- Directions for this task:
The word "upper" appears in some lines of the listing below; report how many such lines there are, and nothing else.

- Data extract:
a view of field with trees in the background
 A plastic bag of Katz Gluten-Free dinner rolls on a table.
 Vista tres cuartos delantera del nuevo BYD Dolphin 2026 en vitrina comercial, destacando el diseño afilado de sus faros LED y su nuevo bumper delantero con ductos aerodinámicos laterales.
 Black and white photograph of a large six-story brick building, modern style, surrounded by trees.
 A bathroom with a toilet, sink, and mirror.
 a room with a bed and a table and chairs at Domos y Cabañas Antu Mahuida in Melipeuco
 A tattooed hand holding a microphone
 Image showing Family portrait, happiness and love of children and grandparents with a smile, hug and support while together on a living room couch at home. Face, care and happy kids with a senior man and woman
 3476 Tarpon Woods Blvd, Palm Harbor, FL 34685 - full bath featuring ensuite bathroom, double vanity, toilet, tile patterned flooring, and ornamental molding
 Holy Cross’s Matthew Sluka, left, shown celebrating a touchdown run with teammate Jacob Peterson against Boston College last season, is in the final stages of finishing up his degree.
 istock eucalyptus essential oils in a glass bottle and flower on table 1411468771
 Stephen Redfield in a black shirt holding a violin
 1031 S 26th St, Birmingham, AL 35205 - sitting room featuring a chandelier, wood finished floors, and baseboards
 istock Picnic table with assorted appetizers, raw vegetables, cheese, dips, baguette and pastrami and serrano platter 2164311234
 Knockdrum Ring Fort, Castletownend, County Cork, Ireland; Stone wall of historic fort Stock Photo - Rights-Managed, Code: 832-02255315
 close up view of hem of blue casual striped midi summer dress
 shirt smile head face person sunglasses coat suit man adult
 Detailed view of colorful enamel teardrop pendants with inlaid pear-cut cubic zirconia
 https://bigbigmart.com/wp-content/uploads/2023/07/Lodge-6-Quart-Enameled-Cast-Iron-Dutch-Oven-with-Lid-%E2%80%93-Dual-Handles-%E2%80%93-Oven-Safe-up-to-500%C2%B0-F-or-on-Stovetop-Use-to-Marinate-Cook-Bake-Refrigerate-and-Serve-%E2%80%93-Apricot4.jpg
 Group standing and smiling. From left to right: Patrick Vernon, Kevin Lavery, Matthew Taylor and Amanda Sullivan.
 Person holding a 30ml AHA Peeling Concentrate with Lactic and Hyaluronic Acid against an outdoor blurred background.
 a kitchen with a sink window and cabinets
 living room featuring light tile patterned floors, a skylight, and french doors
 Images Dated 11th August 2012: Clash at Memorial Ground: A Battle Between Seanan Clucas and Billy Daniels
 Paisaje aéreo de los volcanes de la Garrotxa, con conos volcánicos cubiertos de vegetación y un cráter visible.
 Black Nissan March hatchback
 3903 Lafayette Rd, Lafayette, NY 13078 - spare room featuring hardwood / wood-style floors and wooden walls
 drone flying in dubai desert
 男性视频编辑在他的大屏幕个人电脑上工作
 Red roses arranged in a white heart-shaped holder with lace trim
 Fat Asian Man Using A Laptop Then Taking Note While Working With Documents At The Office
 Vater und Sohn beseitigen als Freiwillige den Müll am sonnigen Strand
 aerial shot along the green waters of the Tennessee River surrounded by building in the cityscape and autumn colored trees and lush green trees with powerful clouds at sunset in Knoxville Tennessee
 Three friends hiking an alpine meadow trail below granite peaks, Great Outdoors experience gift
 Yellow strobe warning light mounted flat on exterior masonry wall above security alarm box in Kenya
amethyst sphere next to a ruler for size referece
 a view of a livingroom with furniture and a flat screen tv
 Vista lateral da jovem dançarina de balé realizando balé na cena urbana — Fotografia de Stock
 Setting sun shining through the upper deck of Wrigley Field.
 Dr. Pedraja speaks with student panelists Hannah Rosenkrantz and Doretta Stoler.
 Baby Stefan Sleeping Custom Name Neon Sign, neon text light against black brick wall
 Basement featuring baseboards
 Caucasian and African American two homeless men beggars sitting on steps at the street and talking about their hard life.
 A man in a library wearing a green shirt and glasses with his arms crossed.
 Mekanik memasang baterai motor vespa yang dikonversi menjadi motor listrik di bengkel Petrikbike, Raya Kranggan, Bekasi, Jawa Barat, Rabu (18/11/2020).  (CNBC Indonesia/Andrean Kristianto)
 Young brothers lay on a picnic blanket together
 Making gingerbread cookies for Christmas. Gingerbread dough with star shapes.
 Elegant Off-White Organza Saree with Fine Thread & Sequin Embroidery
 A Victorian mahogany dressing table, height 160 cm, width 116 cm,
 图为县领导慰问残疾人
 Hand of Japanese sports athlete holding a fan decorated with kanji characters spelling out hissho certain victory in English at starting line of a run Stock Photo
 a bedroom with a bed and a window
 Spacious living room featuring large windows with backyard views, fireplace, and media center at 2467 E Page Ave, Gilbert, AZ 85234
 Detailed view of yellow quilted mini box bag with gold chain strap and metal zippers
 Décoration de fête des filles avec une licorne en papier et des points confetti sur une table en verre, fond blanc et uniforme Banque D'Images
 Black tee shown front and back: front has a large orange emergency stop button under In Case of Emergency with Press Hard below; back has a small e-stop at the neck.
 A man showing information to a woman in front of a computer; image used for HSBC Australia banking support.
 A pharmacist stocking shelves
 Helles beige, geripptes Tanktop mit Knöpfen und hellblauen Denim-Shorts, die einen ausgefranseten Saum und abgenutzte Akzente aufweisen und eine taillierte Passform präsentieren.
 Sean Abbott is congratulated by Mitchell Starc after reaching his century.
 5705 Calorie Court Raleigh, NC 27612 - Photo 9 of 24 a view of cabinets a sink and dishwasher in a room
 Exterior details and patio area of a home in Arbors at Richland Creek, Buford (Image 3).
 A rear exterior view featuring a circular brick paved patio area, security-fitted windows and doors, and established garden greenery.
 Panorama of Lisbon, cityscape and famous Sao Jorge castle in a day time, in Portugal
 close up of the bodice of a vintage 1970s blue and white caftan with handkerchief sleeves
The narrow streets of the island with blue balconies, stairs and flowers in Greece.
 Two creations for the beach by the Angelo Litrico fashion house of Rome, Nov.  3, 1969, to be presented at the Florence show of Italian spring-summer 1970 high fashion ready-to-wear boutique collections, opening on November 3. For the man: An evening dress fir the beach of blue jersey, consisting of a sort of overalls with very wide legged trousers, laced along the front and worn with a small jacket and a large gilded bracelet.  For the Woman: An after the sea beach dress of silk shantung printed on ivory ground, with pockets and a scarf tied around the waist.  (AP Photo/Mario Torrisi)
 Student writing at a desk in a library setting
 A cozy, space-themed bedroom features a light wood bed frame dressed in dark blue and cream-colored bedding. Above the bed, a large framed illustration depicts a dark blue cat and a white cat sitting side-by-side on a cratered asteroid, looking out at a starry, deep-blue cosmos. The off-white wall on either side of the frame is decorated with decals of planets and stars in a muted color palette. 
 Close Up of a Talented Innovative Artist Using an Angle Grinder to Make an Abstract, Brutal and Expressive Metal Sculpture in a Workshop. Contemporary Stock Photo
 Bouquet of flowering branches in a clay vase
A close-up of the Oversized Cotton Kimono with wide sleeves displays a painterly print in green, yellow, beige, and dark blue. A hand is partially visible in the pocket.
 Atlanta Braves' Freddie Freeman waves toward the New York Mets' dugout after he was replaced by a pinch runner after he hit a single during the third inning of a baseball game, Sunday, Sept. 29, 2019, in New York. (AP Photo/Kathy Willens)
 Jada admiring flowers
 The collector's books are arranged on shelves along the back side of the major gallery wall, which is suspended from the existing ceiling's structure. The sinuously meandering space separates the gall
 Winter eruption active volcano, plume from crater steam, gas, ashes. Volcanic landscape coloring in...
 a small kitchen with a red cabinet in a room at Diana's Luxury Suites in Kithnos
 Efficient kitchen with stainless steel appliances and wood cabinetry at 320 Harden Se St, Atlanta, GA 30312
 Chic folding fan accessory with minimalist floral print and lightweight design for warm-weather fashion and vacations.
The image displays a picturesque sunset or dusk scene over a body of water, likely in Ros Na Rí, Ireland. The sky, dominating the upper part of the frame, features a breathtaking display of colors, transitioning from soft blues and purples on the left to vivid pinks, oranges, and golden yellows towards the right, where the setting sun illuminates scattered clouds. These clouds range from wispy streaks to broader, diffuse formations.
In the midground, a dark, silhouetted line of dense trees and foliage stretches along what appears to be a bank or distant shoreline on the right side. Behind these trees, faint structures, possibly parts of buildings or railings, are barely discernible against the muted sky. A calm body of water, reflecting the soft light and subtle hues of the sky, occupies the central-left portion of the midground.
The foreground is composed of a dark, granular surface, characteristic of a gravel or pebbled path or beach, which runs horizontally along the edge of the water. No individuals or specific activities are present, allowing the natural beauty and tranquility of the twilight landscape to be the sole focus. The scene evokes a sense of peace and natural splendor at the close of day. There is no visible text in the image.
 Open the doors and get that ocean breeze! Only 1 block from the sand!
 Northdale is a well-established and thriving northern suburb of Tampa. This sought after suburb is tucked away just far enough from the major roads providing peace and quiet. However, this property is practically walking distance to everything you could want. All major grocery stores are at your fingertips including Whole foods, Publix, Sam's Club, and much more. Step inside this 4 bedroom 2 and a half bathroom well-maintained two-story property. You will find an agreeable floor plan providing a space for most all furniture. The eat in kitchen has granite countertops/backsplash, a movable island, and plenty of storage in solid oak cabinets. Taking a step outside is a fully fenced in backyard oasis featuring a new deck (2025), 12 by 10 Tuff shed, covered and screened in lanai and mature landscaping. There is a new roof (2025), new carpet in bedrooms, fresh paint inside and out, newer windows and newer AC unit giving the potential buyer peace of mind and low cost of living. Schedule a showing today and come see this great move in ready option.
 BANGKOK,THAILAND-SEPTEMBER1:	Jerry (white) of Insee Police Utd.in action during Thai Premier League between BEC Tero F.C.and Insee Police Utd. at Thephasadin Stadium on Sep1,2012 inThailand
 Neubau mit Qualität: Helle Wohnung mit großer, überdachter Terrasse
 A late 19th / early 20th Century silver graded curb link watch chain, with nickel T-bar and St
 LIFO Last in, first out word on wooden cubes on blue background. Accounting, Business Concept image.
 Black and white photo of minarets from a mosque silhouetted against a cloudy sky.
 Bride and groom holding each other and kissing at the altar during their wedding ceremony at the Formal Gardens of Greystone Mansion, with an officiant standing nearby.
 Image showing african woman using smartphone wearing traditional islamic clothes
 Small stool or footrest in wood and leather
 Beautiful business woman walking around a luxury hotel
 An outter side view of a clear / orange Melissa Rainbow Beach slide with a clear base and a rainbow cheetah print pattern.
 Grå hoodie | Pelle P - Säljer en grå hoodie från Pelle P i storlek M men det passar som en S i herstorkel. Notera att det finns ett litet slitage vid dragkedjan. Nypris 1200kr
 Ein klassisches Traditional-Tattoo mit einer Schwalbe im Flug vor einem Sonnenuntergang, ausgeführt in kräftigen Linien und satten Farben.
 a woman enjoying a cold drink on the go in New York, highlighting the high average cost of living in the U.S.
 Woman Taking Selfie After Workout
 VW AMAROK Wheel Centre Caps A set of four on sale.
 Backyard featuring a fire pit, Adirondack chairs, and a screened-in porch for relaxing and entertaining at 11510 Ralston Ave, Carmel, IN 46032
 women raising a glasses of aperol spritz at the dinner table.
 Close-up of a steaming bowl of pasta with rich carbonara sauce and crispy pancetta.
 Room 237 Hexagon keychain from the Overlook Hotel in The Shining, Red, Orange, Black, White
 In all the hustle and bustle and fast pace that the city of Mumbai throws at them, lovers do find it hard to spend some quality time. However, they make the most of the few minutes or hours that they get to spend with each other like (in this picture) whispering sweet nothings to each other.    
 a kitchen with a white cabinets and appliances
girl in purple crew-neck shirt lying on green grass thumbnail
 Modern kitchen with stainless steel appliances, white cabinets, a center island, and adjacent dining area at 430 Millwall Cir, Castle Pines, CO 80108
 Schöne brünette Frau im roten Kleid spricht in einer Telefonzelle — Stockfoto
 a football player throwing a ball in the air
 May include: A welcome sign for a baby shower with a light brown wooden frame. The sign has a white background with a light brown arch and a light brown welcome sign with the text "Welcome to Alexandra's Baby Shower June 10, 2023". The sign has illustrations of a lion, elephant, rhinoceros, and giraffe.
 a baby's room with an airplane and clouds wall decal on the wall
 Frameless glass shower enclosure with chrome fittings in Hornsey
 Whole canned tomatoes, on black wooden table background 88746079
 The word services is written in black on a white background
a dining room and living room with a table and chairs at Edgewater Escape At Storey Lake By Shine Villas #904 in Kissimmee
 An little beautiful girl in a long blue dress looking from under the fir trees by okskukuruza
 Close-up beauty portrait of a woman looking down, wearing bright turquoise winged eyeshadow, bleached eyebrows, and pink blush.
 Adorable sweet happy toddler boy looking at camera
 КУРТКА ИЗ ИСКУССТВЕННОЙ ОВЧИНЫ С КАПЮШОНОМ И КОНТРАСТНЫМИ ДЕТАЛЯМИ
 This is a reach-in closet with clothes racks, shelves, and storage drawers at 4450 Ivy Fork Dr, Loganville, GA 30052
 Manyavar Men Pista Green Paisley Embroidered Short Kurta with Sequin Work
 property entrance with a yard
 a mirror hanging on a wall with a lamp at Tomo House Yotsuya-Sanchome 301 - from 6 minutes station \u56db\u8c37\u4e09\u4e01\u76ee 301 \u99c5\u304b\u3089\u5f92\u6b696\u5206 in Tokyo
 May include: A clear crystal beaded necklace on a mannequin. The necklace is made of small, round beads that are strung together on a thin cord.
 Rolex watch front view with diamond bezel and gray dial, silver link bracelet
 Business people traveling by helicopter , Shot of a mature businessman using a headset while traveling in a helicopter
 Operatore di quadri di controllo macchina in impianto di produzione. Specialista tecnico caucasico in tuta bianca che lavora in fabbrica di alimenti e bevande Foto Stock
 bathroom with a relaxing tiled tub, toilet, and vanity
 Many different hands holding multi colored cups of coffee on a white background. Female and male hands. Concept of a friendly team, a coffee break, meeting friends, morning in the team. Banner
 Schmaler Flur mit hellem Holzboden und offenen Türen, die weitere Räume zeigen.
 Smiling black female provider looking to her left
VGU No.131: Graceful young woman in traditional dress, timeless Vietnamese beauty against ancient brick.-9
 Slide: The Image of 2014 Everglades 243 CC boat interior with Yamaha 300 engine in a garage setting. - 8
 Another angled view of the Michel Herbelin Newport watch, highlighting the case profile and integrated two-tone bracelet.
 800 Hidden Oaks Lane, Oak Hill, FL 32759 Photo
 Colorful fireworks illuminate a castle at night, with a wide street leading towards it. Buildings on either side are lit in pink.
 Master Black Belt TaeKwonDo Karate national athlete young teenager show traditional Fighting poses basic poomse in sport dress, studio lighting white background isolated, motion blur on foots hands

- Response area:
2